Lippincott, Williams & Wilkins, Anesthesiology, 6(106), p. 1168-1176, 2007
DOI: 10.1097/01.anes.0000267600.09764.af
Full text: Unavailable
Background Drug-induced temporary amnesia is one of the principal goals of general anesthesia. The nonimmobilizer 1,2-dichlorohexafluorocyclobutane (F6, also termed 2N) impairs hippocampus-dependent learning at relative, i.e., lipophilicity-corrected, concentrations similar to isoflurane. Hippocampal theta oscillations facilitate mnemonic processes in vivo and synaptic plasticity (a cellular model of memory) in vitro and are thought to represent a circuit level phenomenon that supports memory encoding.
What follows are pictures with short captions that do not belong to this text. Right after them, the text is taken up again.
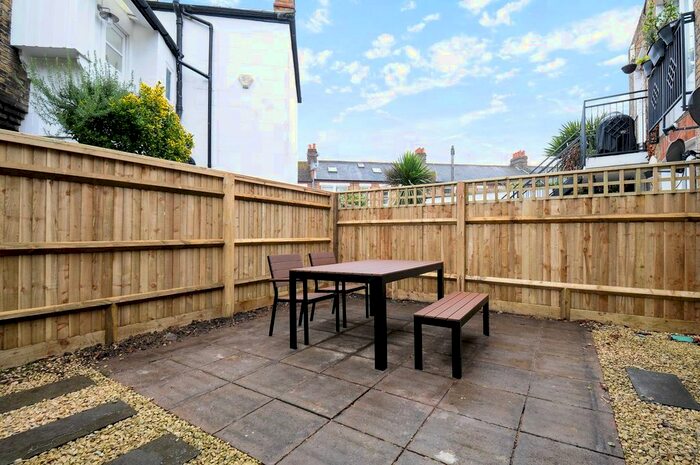 2 Bedroom Maisonette To Rent In Balvernie Grove, Southfields, London, SW18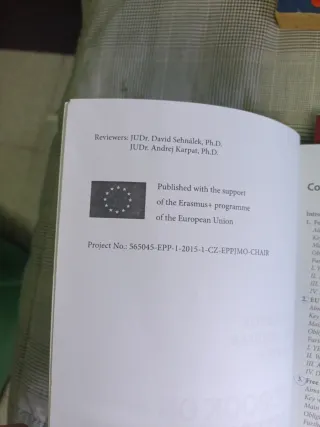 Libro estudios derecho en inglés, mercado internac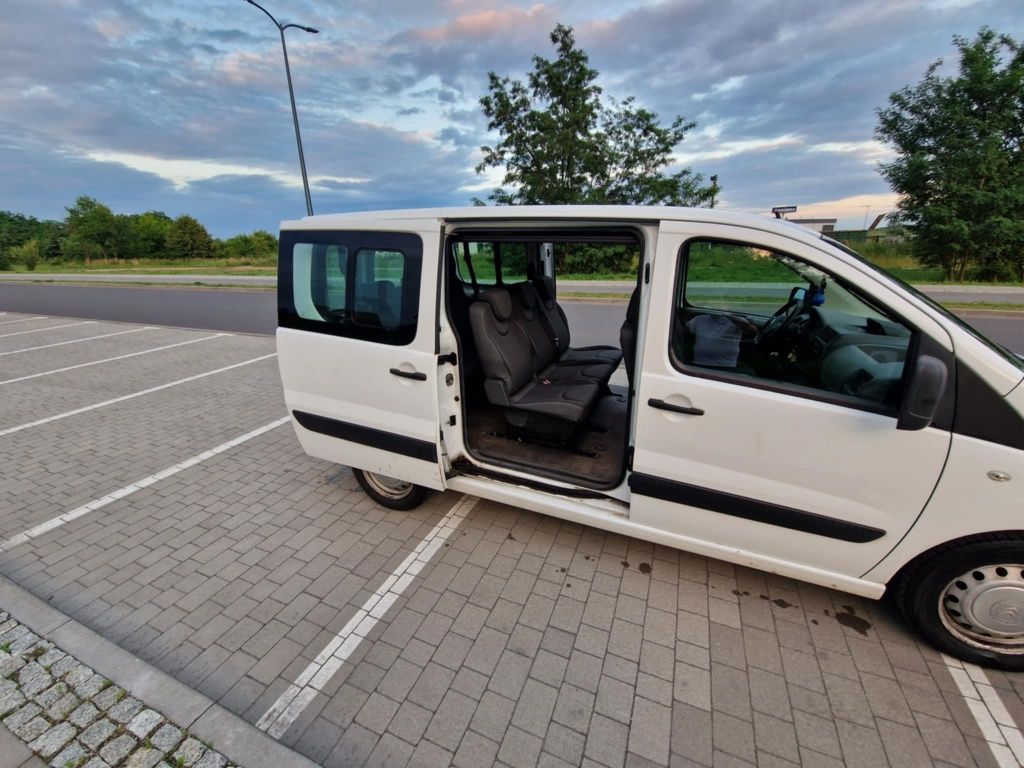 Citroen Jumpy 2009r  9 osobowy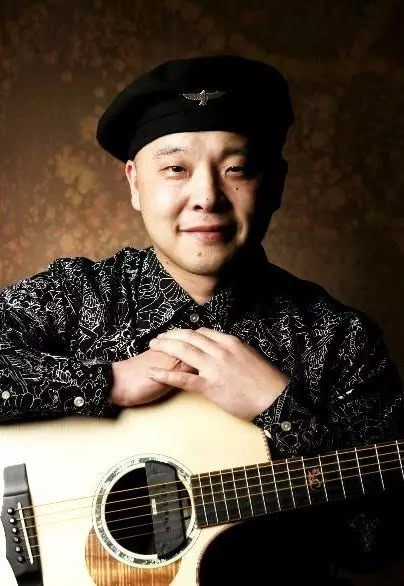 日本新生代指弹吉他演奏家,日本finger-style大师isato nakagawa的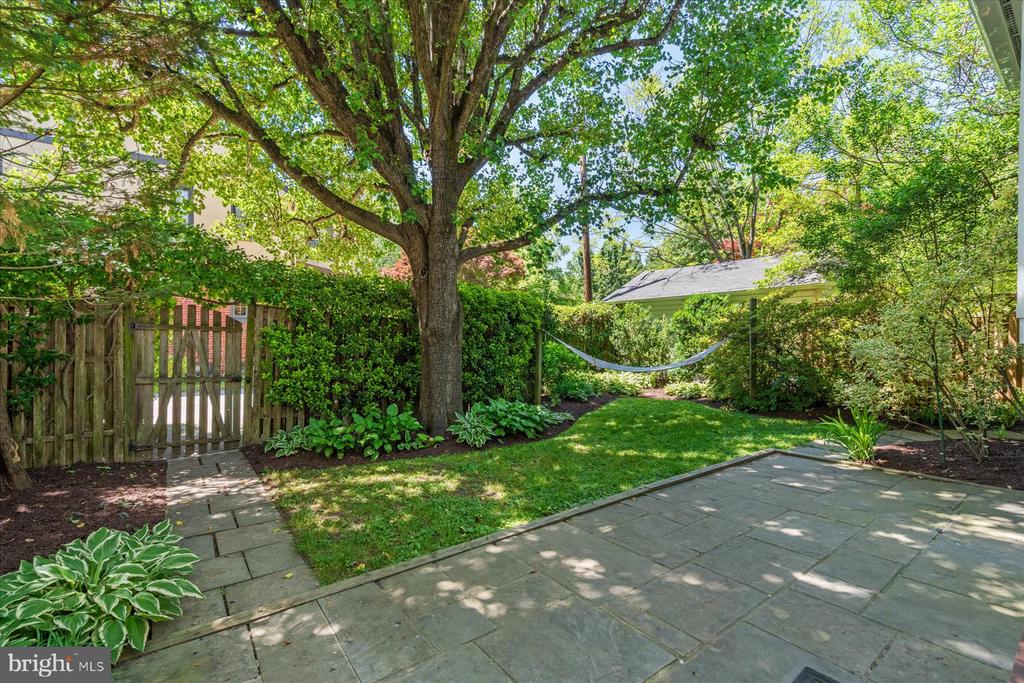 4906 46TH STREET NW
Therefore, the authors investigated the effects of F6 and isoflurane on theta oscillations (4-12 Hz). Methods Thirteen adult rats were implanted with multichannel depth electrodes to measure the microelectroencephalogram and were exposed to a range of concentrations of isoflurane and F6 spanning the concentrations that produce amnesia. Five of these animals also underwent control experiments without drug injection. The authors recorded the behavioral state and hippocampal field potentials. They confirmed the electrode location postmortem by histology. Results The tested concentrations for isoflurane and F6 ranged from 0.035% to 0.77% and from 0.5% to 3.6%, respectively. Isoflurane increased the fraction of time that the animals remained immobile, consistent with sedation, whereas F6 had the opposite effect. Electroencephalographic power in the theta band was less when the animals were immobile than when they explored their environment. F6 suppressed the power of oscillations in the theta band. Isoflurane slowed theta oscillations without reducing total power in the theta band. Conclusions Drug-induced changes in theta oscillations may be a common basis for amnesia produced by F6 and isoflurane. The different patterns suggest that these drugs alter network activity by acting on different molecular and/or cellular targets.